I plan to run Ubuntu 8.10 and my budget is very limited (close to £200). I've built all of my computers in the past, and would be happy to do so again, but I've read in various places that you can't really save money doing this any more, now that companies are turning out such huge volumes. Also, it's been so long that I really have no idea about the current generations of cpus. I have all peripherals, all I need is case+psu+motherboard+cpu+ram.
I'm looking at this ebuyer deal:
http://www.ebuyer.com/product/155468/bundles
Is this a good bet? Are there any warning signs that any of the components won't get along with Linux? or can anyone suggest any alternatives?
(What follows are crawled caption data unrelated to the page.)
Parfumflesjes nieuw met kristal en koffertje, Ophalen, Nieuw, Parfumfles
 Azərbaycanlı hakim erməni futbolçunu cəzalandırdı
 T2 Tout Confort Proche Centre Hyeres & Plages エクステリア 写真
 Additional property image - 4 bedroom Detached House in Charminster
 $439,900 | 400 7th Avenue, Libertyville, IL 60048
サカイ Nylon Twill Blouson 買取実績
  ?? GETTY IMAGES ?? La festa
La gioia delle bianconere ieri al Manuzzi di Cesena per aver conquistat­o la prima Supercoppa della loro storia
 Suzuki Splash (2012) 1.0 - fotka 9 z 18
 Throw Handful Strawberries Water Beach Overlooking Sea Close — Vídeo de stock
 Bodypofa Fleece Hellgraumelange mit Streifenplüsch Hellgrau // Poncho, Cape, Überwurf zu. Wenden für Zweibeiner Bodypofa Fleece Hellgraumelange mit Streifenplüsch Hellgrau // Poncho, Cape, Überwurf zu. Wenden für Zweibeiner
posted by primer_dimer to computers & internet (8 comments total)
2 users marked this as a favorite
For GNU/linux at the moment I would suggest going with a low end name-brand motherboard (say Asus or Gigabyte) with an intel chipset. Then put in a low-end intel core 2 cpu. The Intel Pentium Dual Core E5200 will be sufficient.
The reason I suggest an Intel chipset is that they are now fully supporting FOSS drivers for their graphics. This will make life easier.
Now the part why building your own is worthwhile. Buy a decent power supply or buy a case that includes a decent power supply. Most of the cheap deals on computers will have a crappy power supply and this is not one place that you want to save. A good power supply will lengthen the life of your computer and lessen the risk of it dying catastrophically one day. I'd also suggest buying a nice case (I'd suggest Antec) as that is something you can keep when you upgrade. But you could go cheap on that for now if money is tight.
In summary - low powered intel CPU, Intel chipset, 2GB RAM, good power supply.
I'm running Ubuntu 8.10 on just such a configuration assembled about 18 months ago when low-end was obviously less powerful than low-end today and Ubuntu runs beautifully on it.